Can you attach some logs from heat-engine?
Created attachment 1041364 [details] heat logs I just recreated the problem. After heat stack-delete you can see some nodes in error: $ nova list +--------------------------------------+-------------------------+--------+------------+-------------+----------+ | ID | Name | Status | Task State | Power State | Networks | +--------------------------------------+-------------------------+--------+------------+-------------+----------+ | d8142069-54e6-48ce-a6af-ccb4b58e9a1f | overcloud-cephstorage-0 | ERROR | - | Running | | | aa04f32d-cb59-4c1f-bb19-842363e7c4d9 | overcloud-compute-0 | ERROR | - | Running | | +--------------------------------------+-------------------------+--------+------------+-------------+----------+ Please look towards the end of the logs (attached) to see if there are hint to the problem. Thanks.

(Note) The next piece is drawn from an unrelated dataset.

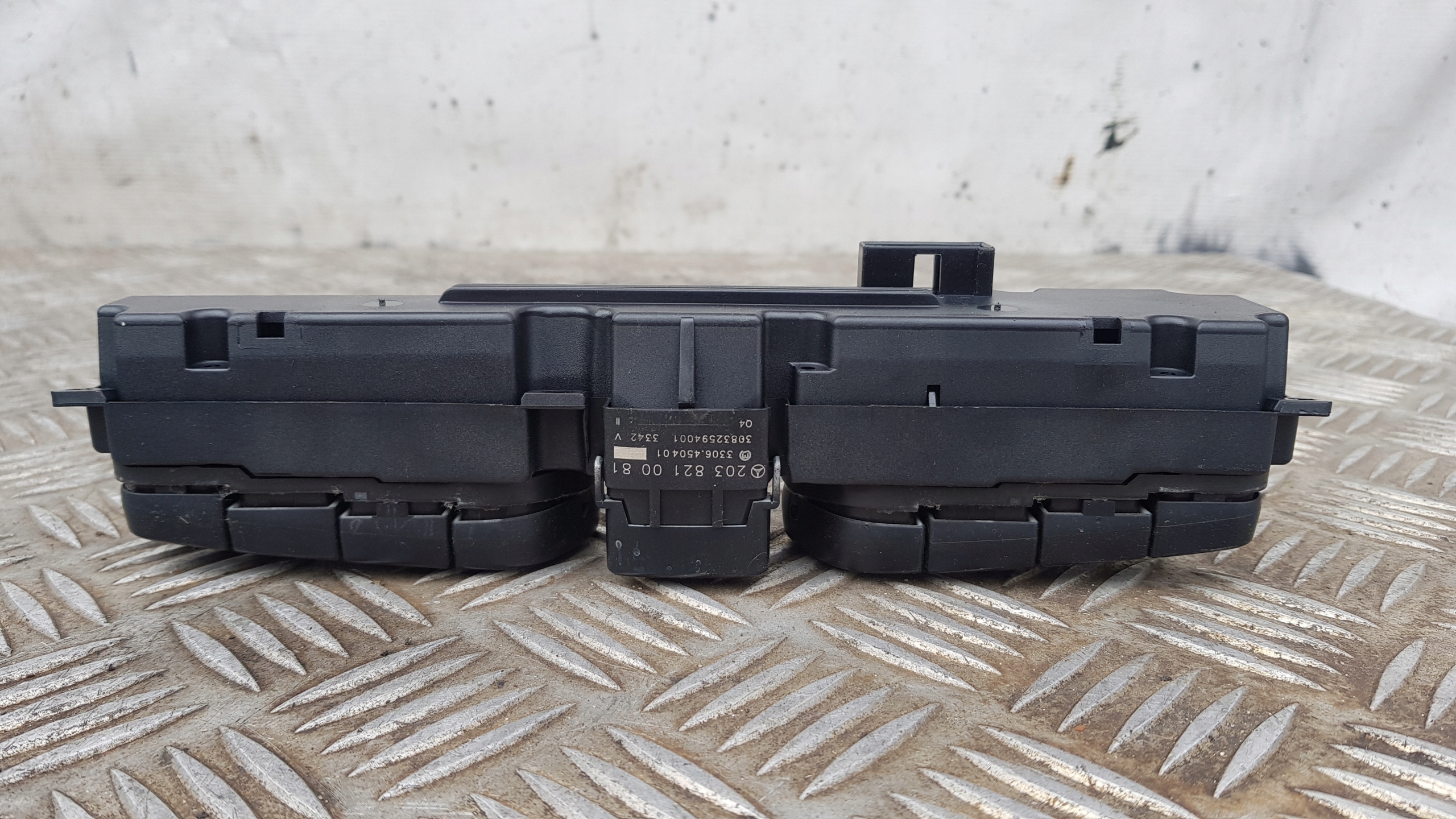 MERCEDES W203 PANEL STEROWNIANIA Commandes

The log shows a couple of the deeply nested stacks failing. It's not clear why this wouldn't cause the parent stack to also fail, but it seems like a Heat bug if it's not. 2015-06-21 10:48:01.002 32209 INFO heat.engine.stack [-] Stack DELETE FAILED (overcloud-Ceph-Storage-s6fmly7ijwmc-0-7uinrcozacgx): Resource DELETE failed: Error: Server overcloud-cephstorage-0 delete failed: (None) Unknown ... 2015-06-21 10:48:04.108 32210 INFO heat.engine.stack [-] Stack DELETE FAILED (overcloud-Compute-etcgblcvn5gr-0-dubmckcnux5l): Resource DELETE failed: Error: Server overcloud-compute-0 delete failed: (500) Error destroying the instance on node 1479665f-d94d-4297-8378-fb9f16032353. Provision state still 'deleting'.

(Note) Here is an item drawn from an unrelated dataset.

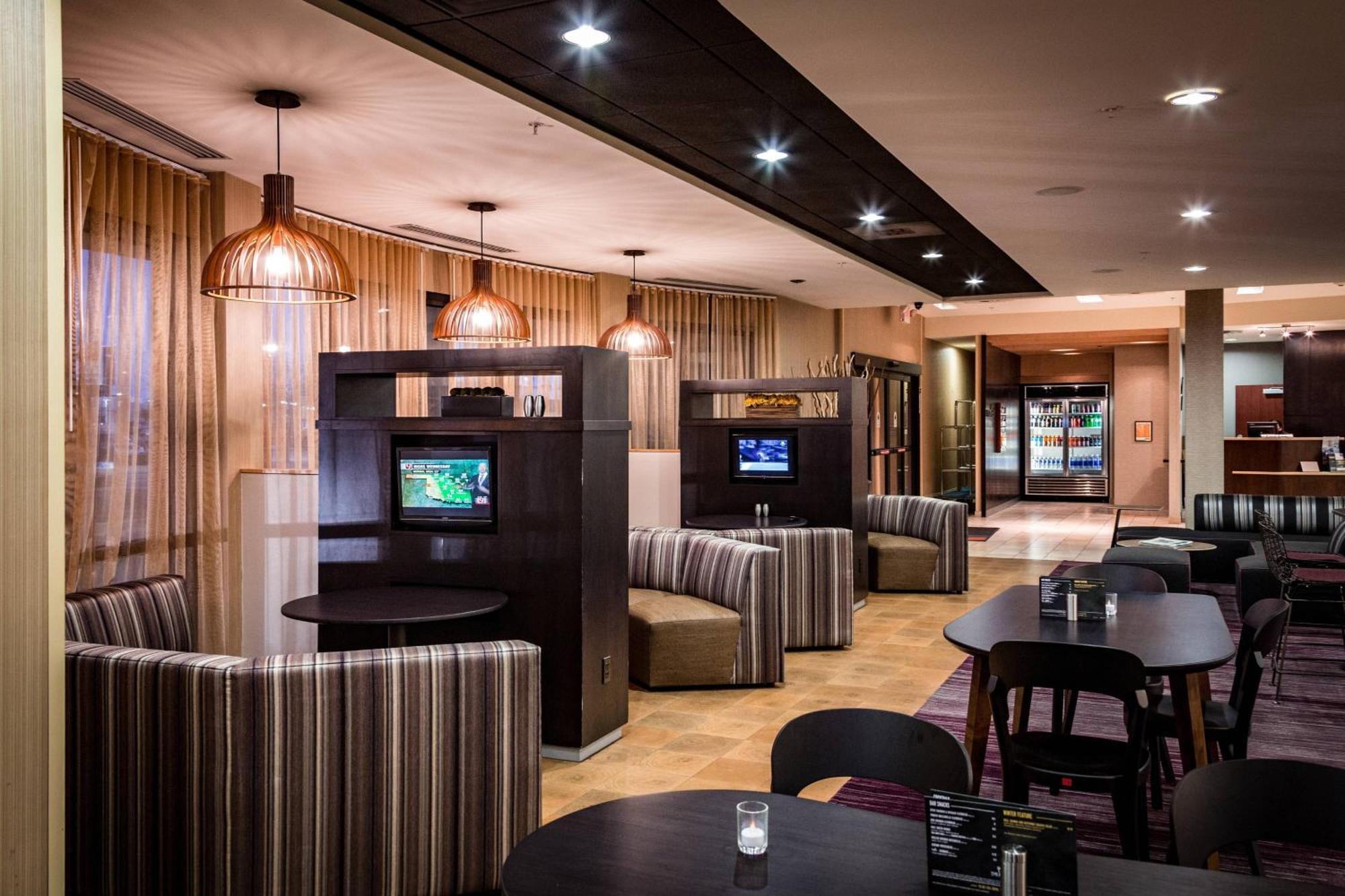 Hotel Courtyard By Marriott Norman Esterno foto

I've looked more closely at the attached log, and also at the code, but I can't find any clue as to why the failure of the nested stacks is not bubbling up to their parent stacks.
Bug 1244485 looks like it could easily be related.
This bug is against a Version which has reached End of Life. If it's still present in supported release (http://releases.openstack.org), please update Version and reopen.